Every file you serve on the web has a format, and every format has tradeoffs. Picking the wrong one costs you bandwidth, breaks compatibility, or degrades quality. Picking the right one is straightforward once you know the landscape.
This guide maps every file format a web developer encounters to its correct use case. Not the history, not the spec trivia — just what to use when, and why. Bookmark this as your reference table.
Each section covers one category with a decision matrix. Where format conversion is needed, we link directly to ChangeThisFile's converter routes so you can handle conversions without installing anything.
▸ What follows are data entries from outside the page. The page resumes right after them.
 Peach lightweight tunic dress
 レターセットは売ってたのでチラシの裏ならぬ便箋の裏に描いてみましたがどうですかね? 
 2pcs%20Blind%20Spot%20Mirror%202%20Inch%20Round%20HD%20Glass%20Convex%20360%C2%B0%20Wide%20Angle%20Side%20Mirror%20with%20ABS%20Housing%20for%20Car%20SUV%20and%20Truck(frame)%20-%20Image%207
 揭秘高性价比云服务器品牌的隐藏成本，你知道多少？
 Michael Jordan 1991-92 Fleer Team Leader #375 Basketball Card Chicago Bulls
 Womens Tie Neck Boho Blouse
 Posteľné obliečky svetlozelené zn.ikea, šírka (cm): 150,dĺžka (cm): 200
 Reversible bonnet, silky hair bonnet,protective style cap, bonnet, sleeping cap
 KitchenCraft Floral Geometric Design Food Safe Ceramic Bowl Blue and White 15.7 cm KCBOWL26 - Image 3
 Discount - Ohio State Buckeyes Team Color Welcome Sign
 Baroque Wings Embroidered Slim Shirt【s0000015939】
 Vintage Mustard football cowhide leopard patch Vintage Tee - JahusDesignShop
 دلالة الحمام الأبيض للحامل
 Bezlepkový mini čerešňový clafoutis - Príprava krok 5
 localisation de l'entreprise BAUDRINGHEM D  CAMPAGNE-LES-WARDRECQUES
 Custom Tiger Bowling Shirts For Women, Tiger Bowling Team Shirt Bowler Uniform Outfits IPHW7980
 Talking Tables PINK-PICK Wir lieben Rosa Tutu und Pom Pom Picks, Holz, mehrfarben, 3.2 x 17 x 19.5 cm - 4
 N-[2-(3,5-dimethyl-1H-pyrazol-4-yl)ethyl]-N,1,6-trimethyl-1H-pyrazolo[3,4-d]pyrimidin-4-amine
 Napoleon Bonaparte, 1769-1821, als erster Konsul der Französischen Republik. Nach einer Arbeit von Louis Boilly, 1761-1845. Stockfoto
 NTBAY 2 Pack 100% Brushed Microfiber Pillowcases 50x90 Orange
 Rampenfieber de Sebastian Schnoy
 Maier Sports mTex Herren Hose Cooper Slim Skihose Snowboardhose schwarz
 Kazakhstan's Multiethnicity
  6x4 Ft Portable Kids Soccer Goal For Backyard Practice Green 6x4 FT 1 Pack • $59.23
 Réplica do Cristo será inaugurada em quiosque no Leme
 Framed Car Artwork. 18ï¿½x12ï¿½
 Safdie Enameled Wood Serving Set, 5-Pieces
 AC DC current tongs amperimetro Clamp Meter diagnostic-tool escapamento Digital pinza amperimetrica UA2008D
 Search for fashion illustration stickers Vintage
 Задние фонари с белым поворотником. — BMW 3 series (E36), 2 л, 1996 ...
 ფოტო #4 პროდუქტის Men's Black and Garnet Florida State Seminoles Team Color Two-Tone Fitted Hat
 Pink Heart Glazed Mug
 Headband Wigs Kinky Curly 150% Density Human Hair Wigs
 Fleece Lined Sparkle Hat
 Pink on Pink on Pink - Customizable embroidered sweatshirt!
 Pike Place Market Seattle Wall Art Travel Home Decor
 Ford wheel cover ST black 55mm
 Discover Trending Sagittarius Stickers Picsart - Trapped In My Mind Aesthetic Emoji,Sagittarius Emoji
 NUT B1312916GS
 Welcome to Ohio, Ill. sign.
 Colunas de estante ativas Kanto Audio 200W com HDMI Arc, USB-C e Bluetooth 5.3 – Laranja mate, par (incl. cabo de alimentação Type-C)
The Master Reference Table
| Category | Format | Use Case | Compression | Browser Support |
|---|---|---|---|---|
| Image | WebP | Primary web delivery (photos + graphics) | Lossy/Lossless | 97%+ |
| AVIF | Next-gen delivery, HDR content | Lossy/Lossless | 92%+ | |
| SVG | Icons, logos, illustrations | Vector (XML) | 100% | |
| PNG | Screenshots, graphics needing lossless | Lossless | 100% | |
| JPG | Fallback for older clients, email | Lossy | 100% | |
| Video | MP4 (H.264) | Universal video delivery | Lossy | 100% |
| WebM (VP9) | Modern browsers, smaller files | Lossy | 96%+ | |
| Audio | MP3 | Music, podcasts (universal) | Lossy | 100% |
| AAC | Better quality than MP3 at same bitrate | Lossy | 100% | |
| Opus | Best quality-per-bit, WebRTC default | Lossy | 95%+ | |
| Font | WOFF2 | Web fonts (only format you need) | Brotli | 97%+ |
| Data | JSON | APIs, config, storage | Text | Native |
| CSV | Tabular exports, spreadsheet interchange | Text | Native | |
| Document | Downloadable reports, invoices | Mixed | Built-in viewer | |
| ZIP | Multi-file downloads | DEFLATE | Native (JSZip) |
This table covers 90% of what you'll serve. The remaining 10% is edge cases covered below.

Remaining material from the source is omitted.